Many thanks to Bob (K4RLC) who shares the following POTA field report:
Woodbury Wildlife Management & Heritage Area (K-8151), Britton’s Neck, Marion County, South Carolina
by Bob (K4RLC)
Woodberry WMA (K-8151) is a 26,000 acre natural area over an hour inland from the Atlantic Ocean and formed by the confluence of the Great and Little Pee Dee rivers. Geologically, it is an area called the Coastal Plain given that in geologic time all this land was under the Atlantic Ocean. In North and South Carolina the Coastal Plain is basically land between Interstate 95 and the Atlantic Ocean. Historically, this land has importance as a site of many Revolutionary war battles. The namesake of Marion County is the famous American Revolutionary War General Francis Marion, known around here as the “Swamp Fox”. His military tactics against the British Army formed the origins of guerrilla fighting. Britton’s Neck is known named for the Britton family who settled the area around 1735 and operated the very important Ferry across the Pee Dee River, carrying farmers and their crops as well as soldiers. After this area had its timber harvested by a paper company, the state of South Carolina with help from the Nature Conservancy, acquired it.
I like to operate in such off the track places as it really feels closer to nature. Given that they have been activated only a few times, they are rare for POTA and many want to contact them, especially in CW. The dirt road coming in ran through an old cemetery, started in the early 1800s. On the other side of is a small cleared area with a kiosk that has a map and tells you what’s in season for hunting. In addition to the usual animals, the listing says that it’s always open season for feral pigs also known as wild Boar, given their destructive nature on the environment and nearby farmers’ fields. Near the kiosk is a metal mailbox like structure with a latch on it. When you open it, there is a sign in book where you list the date, your name, and what you’re hunting for. Five of the entries directly above me said they were “COON” hunting, and another hunter wrote “Hog”. For my listing I just wrote “radio” and thought that might puzzle a few hunters ?.
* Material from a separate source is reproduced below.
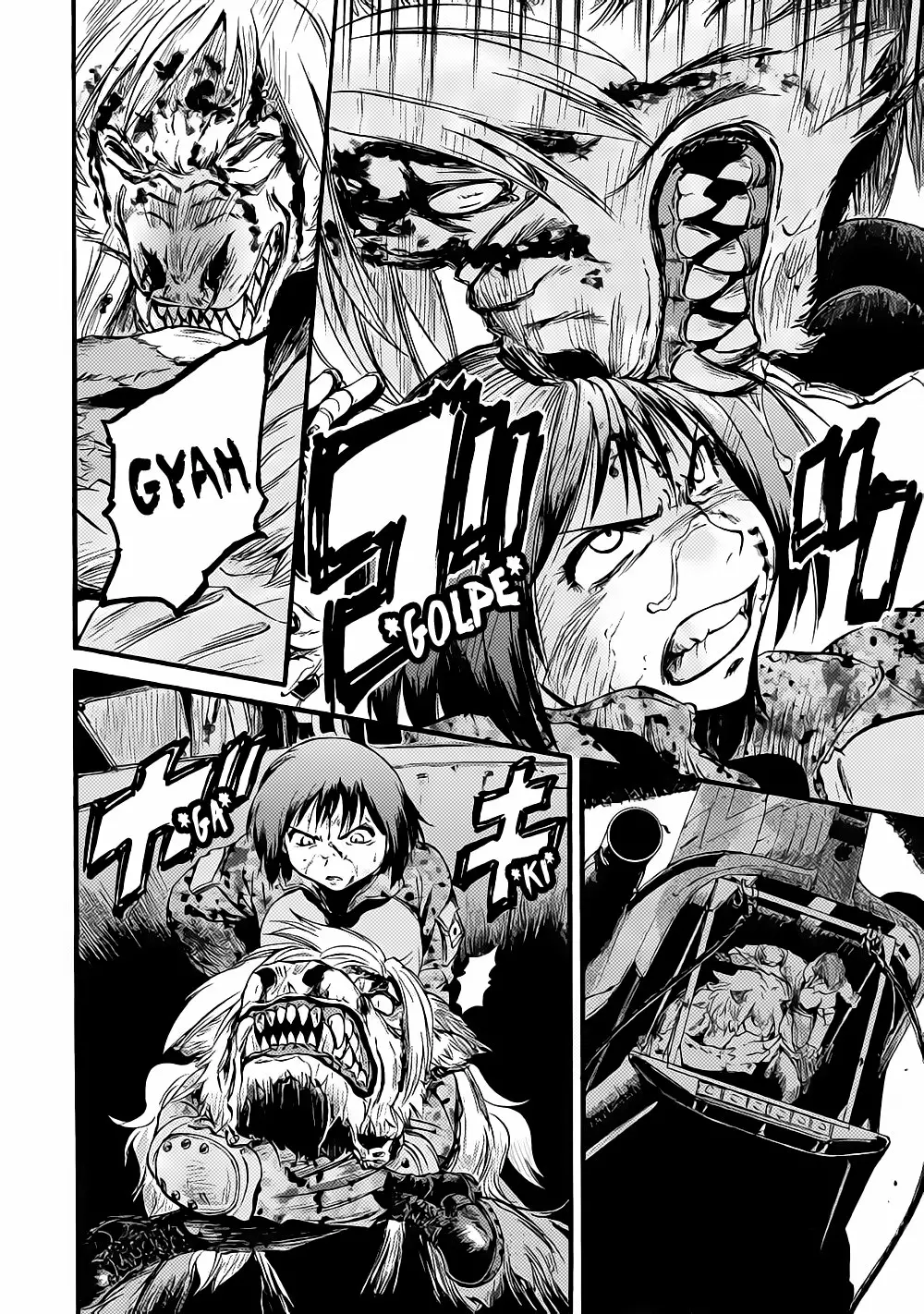 Página 25 del Manga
The set up was the usual with the old Alinco DX-70TH which is been used on the beach so many times, the beach sand and salt water in it now gives it a distinctive chirp on transmit. Old-timers let me know that a chirp was present (599C) but I think it’s just a unique part of the radio signal. The antenna was a 17 foot Chameleon MilSpec whip on a small metal tripod (no coil), set on top of a large aluminum screen wire mesh, now known as “the magic carpet”. As there were no picnic tables, I set up in the backseat of Alanna’s K4AAC van. Operating was pleasant with the cool day and no bugs. There were some other equipment issues. As the Alinco does not have an internal keyer, I used an old MFJ portable keyer with the key made from two stiff pieces of copper and rubber feet for pads. You get a forearm workout using this. (Apologies for my sending.)
Nevertheless, I quickly worked 40 stations all the way from Utah to Italy on 20 CW. This portable station was lighting up the Reverse Beacon with very strong signals up the East Coast and down in the Caribbean.
Cell service was pretty good and I got to talk with my uncle Randy who had been part of a hunting club here 40 years ago. Randy shared some stories of comradery, mostly hanging out with his young son Edward and friends, cooking around an open campfire, telling tall tales to each other. He knew the area well and told me I had about another 10 miles of dirt road before hitting a dead end at the river. As daylight was failing, it seemed wise to turn around and save the longer trip for another time. It was only fitting that in the dark, in the headlights in front of me, I saw a large black bear lumbering across the dirt road, dragging a dead deer behind it. This was truly nature.